I found a fabulous collection of cookbooks dating 1798 to the early 1900's. They are ONLINE courtesy of Michigan State University and are all PDF'S. It is called the FEEDING AMERICA PROJECT. If you enjoy the old cook books and thier many instructions you might want to take a look They are priceless,
and are some of the most important and influential American cookbooks from the late 18th to early 20th century. It is a great find. Enjoy!

http://digital.lib.msu.edu/projects/cookbooks/html/browse.html


----------



## AngieM2 (May 10, 2002)

What a neat find!

I'm looking at the "Blue Grass Cookbook" about 1904.

Yep, I see a lot of time going to those .pdf's

Angie


----------



## Vashti (Dec 22, 2006)

I was just looking at The American Woman's Home and I love this line in the beginning: "To the women of America, in whose hands rest the real destinies of the Republic"! Thanks for sharing this...I'll be immersed in this resource for days...


----------



## Riverrat (Oct 14, 2008)

My wife passes along a big Thank You for the link, and that means I get to try some new dishes...so a big Thank You from me as well....lol


----------



## manygoatsnmore (Feb 12, 2005)

Oooh, I'm going to have fun browsing through all those cookbooks! Thank you for posting the link.


----------



## Bettsann (Feb 12, 2008)

You are all so welcome. Aren't the books wonderful. Blue Grass, Creole, Pennsylvania Dutch, Jewish and old fashioned American cooking to just name a few. A childrens cookbook done in story form with beautiful illustrations. I was so excited to find these I have spent alot of my day just going through them.


----------



## chickenista (Mar 24, 2007)

Oh crud. Now I have to look at that link.
And I will get nothing else done at all.
Dangit, dangit, dangit!


----------



## AngieM2 (May 10, 2002)

chickenista - haven't you heard that we are strange and crazy down here in this forum ? This is one of our additictions - reading old time cook books and house keeping books and learning how they did without the stuff we have now.

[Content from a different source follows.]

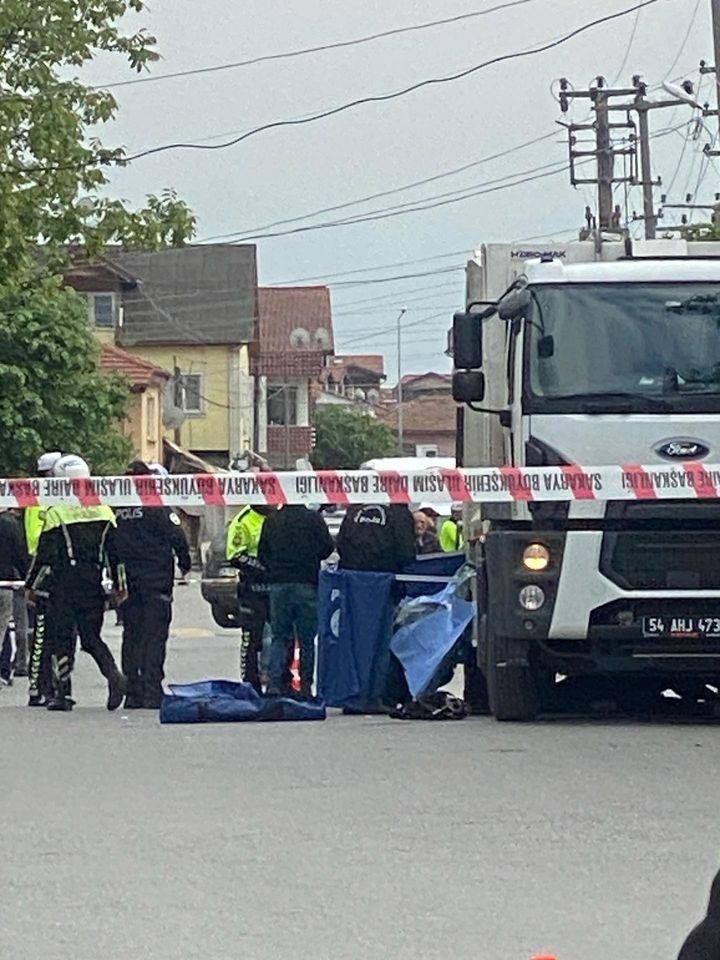 SAKARYA’NIN ADAPAZARI İLÇESİNDE BİSİKLETİYLE, ÇÖP KAMYONUNUN ALTINDA KALAN 78 YAŞINDAKİ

We're evil and bettsann just proved she really is under deep cover of enabling this additiction.


----------



## TJN66 (Aug 29, 2004)

chickenista said:


> Oh crud. Now I have to look at that link.
> And I will get nothing else done at all.
> Dangit, dangit, dangit!


Yep...thats exactly what I was thinking too! Ah well...cant fight it right?


----------



## AngieM2 (May 10, 2002)

Bettsann, here's your official S&EP enabler hat


----------



## Bettsann (Feb 12, 2008)

Angie, you are too funny but I accept the hat with honor. Everybody could use a diversion once in a while. lol


----------



## calliemoonbeam (Aug 7, 2007)

I've had this link forever! I pass along good links when I find them, but I never think to re-pass them, lol. We should all remember to do that every once in a while with really good links we have. There are always new people coming along and some who lose the info. My computer crashed a year ago August and I didn't have a current back up. I'm STILL trying to replace some things I lost! 

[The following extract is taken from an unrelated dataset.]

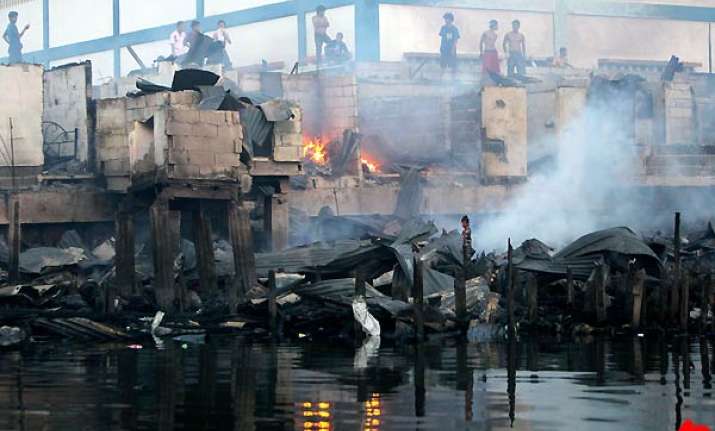 fire in philippine capital leaves 8 000 homeless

Thanks for sharing this bettsann! Here are a few good links:

Historic Cookbooks Online:
http://www.angelfire.com/md3/openhearthcooking/aaCookbookindex.html

Internet Archive Cookbooks and Home Economics:
http://www.archive.org/details/cbk

Walton Feed Old-Timers Page
http://web.archive.org/web/20040202044910/waltonfeed.com/old/index.html

The Walton Feed page used to be available on their website, but recently when I tried to go there they had eliminated almost everything (probably due to worries about lawsuits for anyone using the old-time information there). I was able to go into the Internet Archive Wayback Machine and find an old copy, but once they realize it's there they may delete it too! I copied and saved everything I wanted into Word documents. 

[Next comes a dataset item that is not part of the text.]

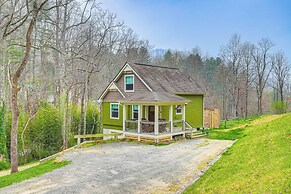 On Farm: Charming Hendersonville Retreat!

Anyone else have any good sites??


----------



## KansasBead (Feb 18, 2006)

no use trying to fight it any longer. it's off to the cookbook link! thanks Bettsann


----------



## Txsteader (Aug 22, 2005)

Bettsann and Calliemoonbeam.....THANK YOU!! Those are awesome sites!


----------



## Bettsann (Feb 12, 2008)

Calliemoonbeam, I thought I had struck a rich vein of history but in gold rush terms, you have instructions to the mother-lode! Thank you so much for sharing your links.


----------



## calliemoonbeam (Aug 7, 2007)

Y'all are very welcome! I have tons more, lol, I'll have to pick out some more and post them soon. I've been collecting stuff like this since I first got internet back in 1997.  If I spent 18 hours a day, every day for the rest of my life, I could never read all the links I've got saved...and yet I keep saving more! It's definitely my biggest addiction, lol.


----------